TASK DETAILS: Print every record below exactly as it stands.

THE DATA:

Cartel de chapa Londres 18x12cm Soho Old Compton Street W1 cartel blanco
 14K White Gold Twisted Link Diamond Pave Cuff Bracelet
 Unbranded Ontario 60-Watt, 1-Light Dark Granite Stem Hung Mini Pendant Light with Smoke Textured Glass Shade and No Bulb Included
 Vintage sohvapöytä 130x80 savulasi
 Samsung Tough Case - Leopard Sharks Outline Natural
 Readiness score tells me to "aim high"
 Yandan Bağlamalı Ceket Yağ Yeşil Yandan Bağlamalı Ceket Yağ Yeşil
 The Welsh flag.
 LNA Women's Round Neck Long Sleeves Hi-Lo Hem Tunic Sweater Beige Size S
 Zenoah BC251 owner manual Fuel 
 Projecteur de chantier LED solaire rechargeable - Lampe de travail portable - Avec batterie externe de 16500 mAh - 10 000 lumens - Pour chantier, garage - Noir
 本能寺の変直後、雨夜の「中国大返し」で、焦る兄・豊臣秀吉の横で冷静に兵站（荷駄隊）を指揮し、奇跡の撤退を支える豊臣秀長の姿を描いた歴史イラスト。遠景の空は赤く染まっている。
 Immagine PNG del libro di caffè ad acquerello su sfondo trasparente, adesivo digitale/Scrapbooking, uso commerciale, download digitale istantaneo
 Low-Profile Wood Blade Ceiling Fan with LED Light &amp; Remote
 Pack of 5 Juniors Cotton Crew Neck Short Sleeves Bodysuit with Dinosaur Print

SOLUTION:
Cartel de chapa Londres 18x12cm Soho Old Compton Street W1 cartel blanco
 14K White Gold Twisted Link Diamond Pave Cuff Bracelet
 Unbranded Ontario 60-Watt, 1-Light Dark Granite Stem Hung Mini Pendant Light with Smoke Textured Glass Shade and No Bulb Included
 Vintage sohvapöytä 130x80 savulasi
 Samsung Tough Case - Leopard Sharks Outline Natural
 Readiness score tells me to "aim high"
 Yandan Bağlamalı Ceket Yağ Yeşil Yandan Bağlamalı Ceket Yağ Yeşil
 The Welsh flag.
 LNA Women's Round Neck Long Sleeves Hi-Lo Hem Tunic Sweater Beige Size S
 Zenoah BC251 owner manual Fuel 
 Projecteur de chantier LED solaire rechargeable - Lampe de travail portable - Avec batterie externe de 16500 mAh - 10 000 lumens - Pour chantier, garage - Noir
 本能寺の変直後、雨夜の「中国大返し」で、焦る兄・豊臣秀吉の横で冷静に兵站（荷駄隊）を指揮し、奇跡の撤退を支える豊臣秀長の姿を描いた歴史イラスト。遠景の空は赤く染まっている。
 Immagine PNG del libro di caffè ad acquerello su sfondo trasparente, adesivo digitale/Scrapbooking, uso commerciale, download digitale istantaneo
 Low-Profile Wood Blade Ceiling Fan with LED Light &amp; Remote
 Pack of 5 Juniors Cotton Crew Neck Short Sleeves Bodysuit with Dinosaur Print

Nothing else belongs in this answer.